Alignment as I described it in my last post is a single axis: Law-Chaos. Good and Evil are part of this axis, instead of a separate axis; the New School conception of alignment as personality traits is not applicable. Staid traditionalist characters and free-spirited characters (the New School interpretations of Lawful and Chaotic) may support either Law or Chaos.
Most individuals, however, no matter what their personality type, will fall into the category of Neutral, neither particularly helping nor harming the cause of either Law or Chaos; in fact, most everyone is ignorant of the struggle, not taking it seriously on the few occasions when they do hear about it.
In fact, until they begin to establish themselves and discover the reality of both the forces of Law and Chaos, the PCs won't usually know about it. That's what sets Paladins, Rangers and the more devout Clerics apart from your average Fighters, Thieves, Magic-Users, most Clerics and all the other classes: they're true believers from the beginning in a grand cosmic struggle, instead of stumbling upon it in the course of amassing their personal fortune. It's why Paladins and Rangers exist, and why Clerics are sent out to fight Chaos instead of blessing crops and healing the sick on a full-time basis.
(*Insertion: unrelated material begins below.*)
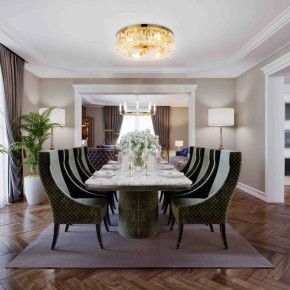 Crystal Round Flush Chandelier Light - Gold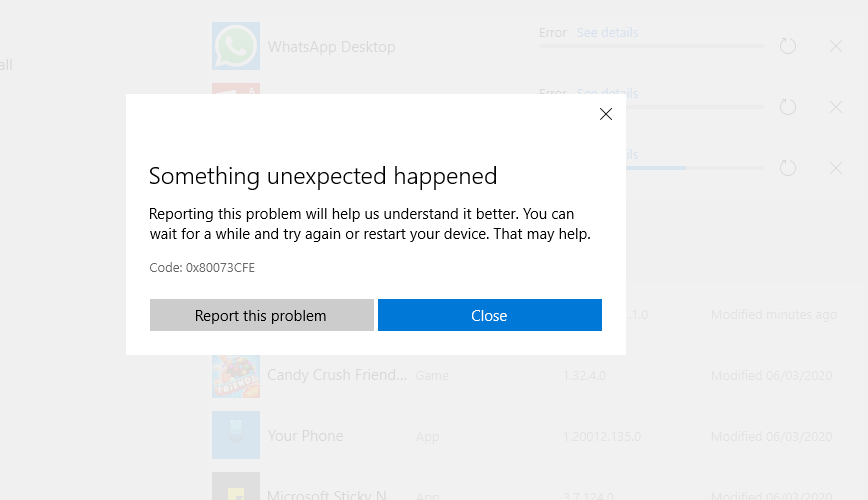 An error has been reported in the Windows 10 1909 store download program 9376e6be-f392-4b51-a3a2-1532f7351561?upload=true.png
So, how to deal with alignment when the PCs don't even know about or believe in it? Well, I could just let the players decide their PCs' alignments, but that, I think, risks making this more about what color jerseys the PCs are wearing instead of which side they're actually scoring for. It also bares for my players a part of the setting that I really don't want to just tell them about. I want them to discover it along with their PCs.
It's true; I've begun keeping secrets from my players. They don't read my blog and they have no idea that Dragons run much of the world. They're just starting to get an inkling of the Cthuloid horrors continued adventuring will bring them in contact with. I think I may have mentioned the possibility of Mindflayers and they've fought a Shroom, like, once. They have no idea that Necromancy exists in my setting at all. They certainly don't realize that Carcosan rituals exist and are utilized by evil sorcerers, nor do they know why intelligent monsters have tried to kill them twice (after rolls on the Puppet-Master Machination Tables), although they are getting curious about that.
To be clear, when there have been questions about these things, I haven't refused to answer. Instead, I told my player that there were good, non-arbitrary reasons for what was happening; cause-and-effect was occurring. I told him that I thought it would be more fun for him to figure out what was going on through the course of play, but that I'd be willing to explain it to him if he preferred that. He opted to try to figure it out, at least for now.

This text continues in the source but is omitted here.